Where do you get such funny ideas reading things that I have not stated?
Because you stated:
It doesn't happen because the work required for each new withdrawal similarly increases.
And the word "similarly" was later clarified to refer to current, so your revised quote now reads:
"It doesn't happen because the work required for each new withdrawal increases similarly to current."
So if the work increases than so does the current.
According to you the work required to move the magnet depends on its speed and so does the current.
Or: If the work required to quickly withdraw the magnet is different than the work required to slowly push in the magnet, then currents must be different, too... and the absurd machine woulld accumulate current without a theoretical limit at the expense of the work performed by the agency turning the Whitworth mechanism. - yet "it does not happen".
Let's remember what we are discussing here:You claim that the current left in the superconducting loop after the movement of the magnet
depends on dΦ/dt and I claim that it depends on ΔΦ.
That's what the whole discussion boils down to.
As a side note, it worth to remember, that the ratio of to flux to current (a.k.a. inductance) stays constant in that SC loop.
Work performed is not proportional to the current. It is proportional to the square of the current.
Yes. It is merely more precise to state that work is proportional to the square of the current.

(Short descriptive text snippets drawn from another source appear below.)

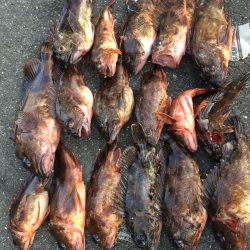 ロックフィッシュ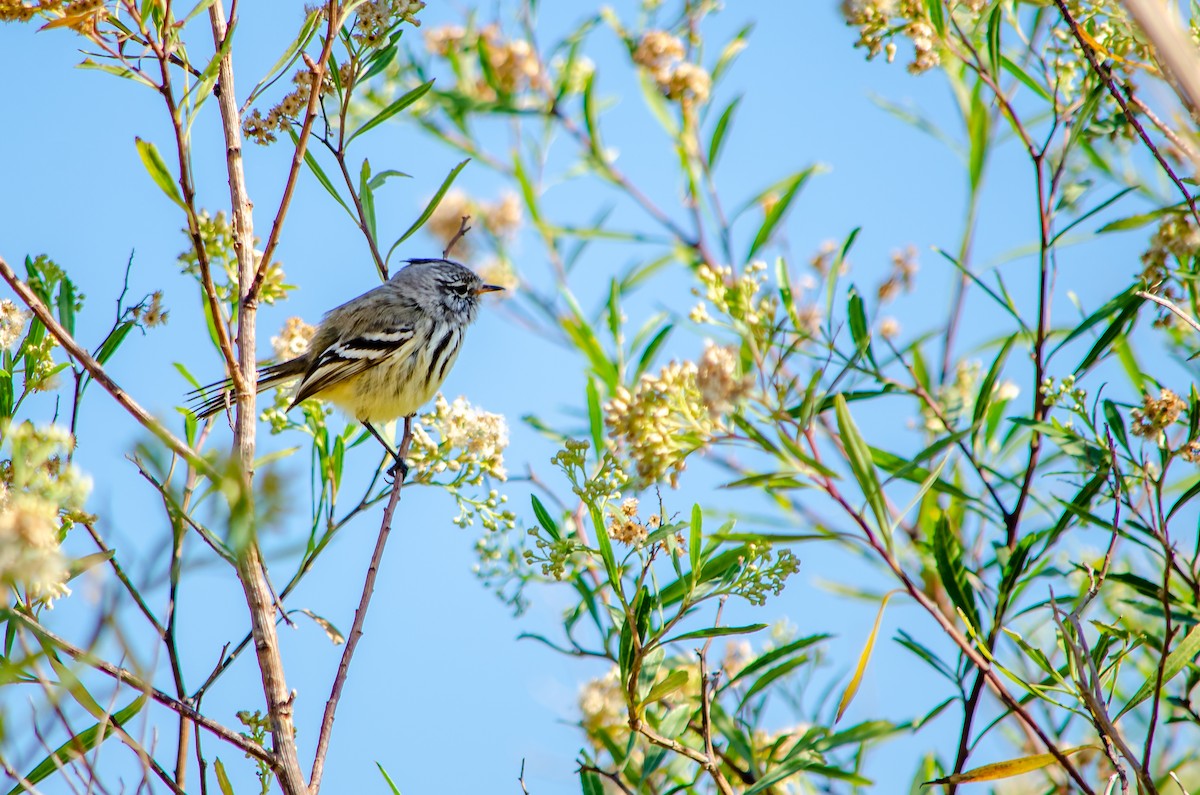 Yellow-billed Tit-Tyrant - ML566147941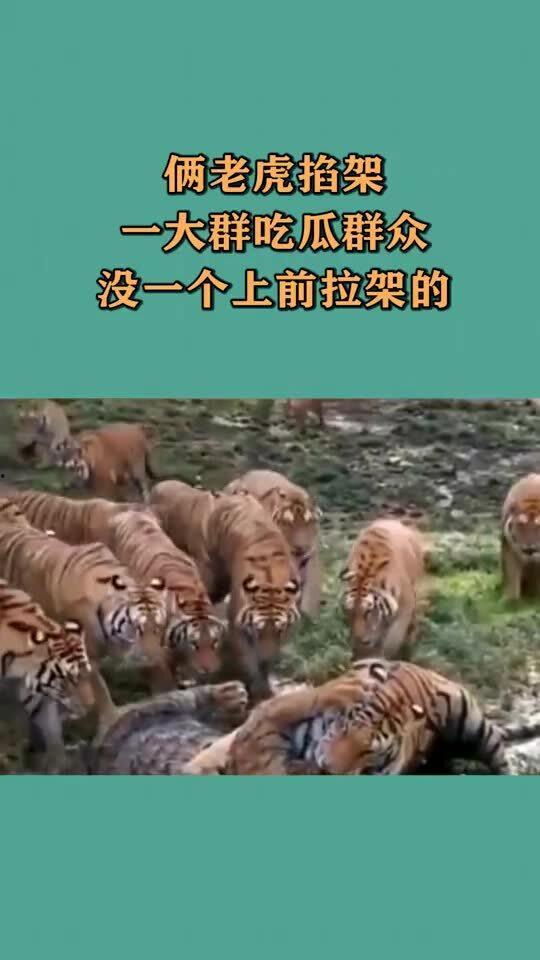 吃瓜群众打一动物,揭秘瓜田里的神秘生物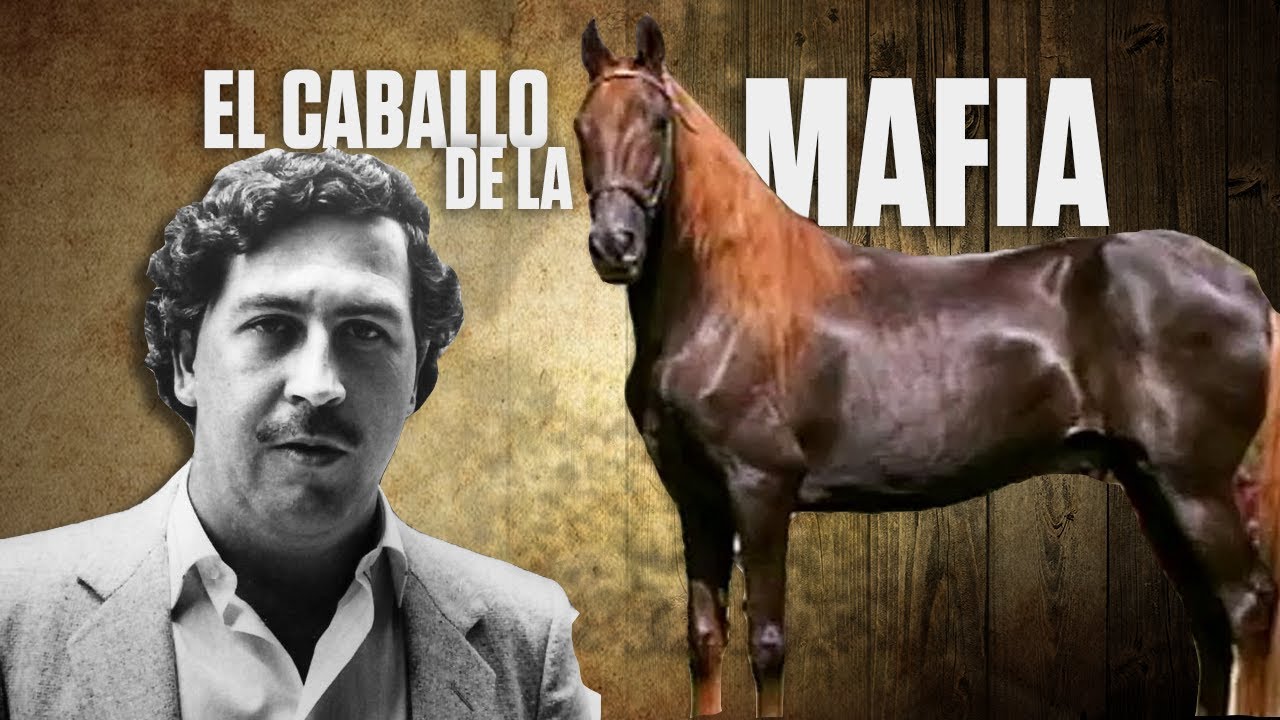 🔥😈 El Caballo de La Mafia - Terremoto de Manizales | RysolTV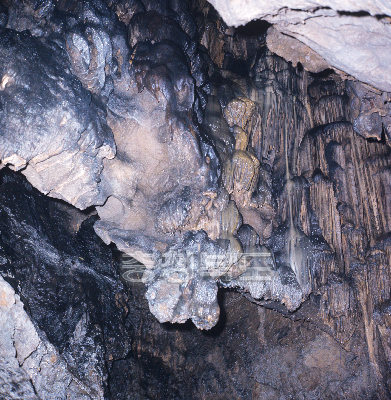 고수동굴 의 사진
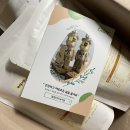 엘림인터내셔널 | 프로틴포미 단백질 씨리얼 카카오맛 / 인절미맛 / 증정품_볶음현미 함유 씨리얼 /칼로리, 맛_내돈내산 후기
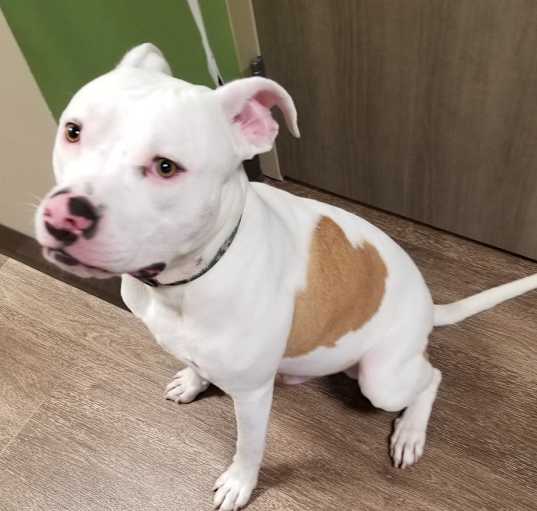 Photo of Oakley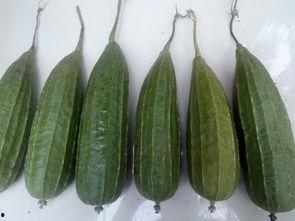 谁买瓜吃,揭秘谁买瓜吃的背后故事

When the current does not change its direction (as in the absurd machine scenario) work increases with the square of the current and also the work increases with the current itself. The derivatives of x an x
2 have the same sign for x>0.
I was trying to keep it simple but that lack of precision does not invalidate my line of thinking.
Actually the one thing that I overlooked is that the coil looking like a perfect inductor will identically integrate the rate of change in flux with respect to time,
...and the integral of dΦ/dt with respect to time evaluates to Φ.
Retracting the magnet in the opposite direction to its initial position relative to the ring reverses out whatever current was induced by bringing the magnet closer to the ring.
Yes, and for clarity for other readers, the word "reverses" in that statement should not mean reversing the direction (sign) of current.
If you don't believe Maxwell then it is up to you to show that you have found a violation.
You seem highly resistant to the notion of BEMF from the inductance of the loop exactly matching the induced EMF.
I believe Maxwell. I just don't want to misapply his equations.
I am not resistant to the notion of EMF - BEMF = 0 across a superconducting loop.
I just do not go the "EMF route" and analyze voltage across zero-resistance because it leads to division by zero.
Then you should consider how E = 0.5*LI2 is derived. The big hint should be that I is the time integral of V/L.
Derivation by Kirchhoff's voltage law is just one of the derivations. Using it means using voltage.
For the energy stored by a coil I prefer to use the derivation that does not involve voltage and uses L=Φ/I to prove that W=½ΦI.
The "spring's" energy is defined by the magnet and the path it travels relative to the ring.
Yes, "path" - not the speed along this path.
... a power source driving a winding coupled to the ring can transfer a variable amount of energy into the ring's field.
...but the energy transferred to the SC loop by such winding does not depend on the risetime or falltime of the current in that winding (as in e.g. sawtooth waveform).
For example the energy and current in the secondary superconducting winding (W2) of an aircore transformer shown below does not increase from cycle to cycle and its maximum value is always be proportional to I
MAX even if the current in the primary (W1) exhibits different di/dt generating different dΦ/dt.
Over the integer number of cycles the work done by the current source is zero ...+ resistive losses.
Furthermore the
line integral of the flux penetrating the contour of the SC secondary winding (W2) will be
constant, regardless of the dΦ/dt generated by the primary winding (W1).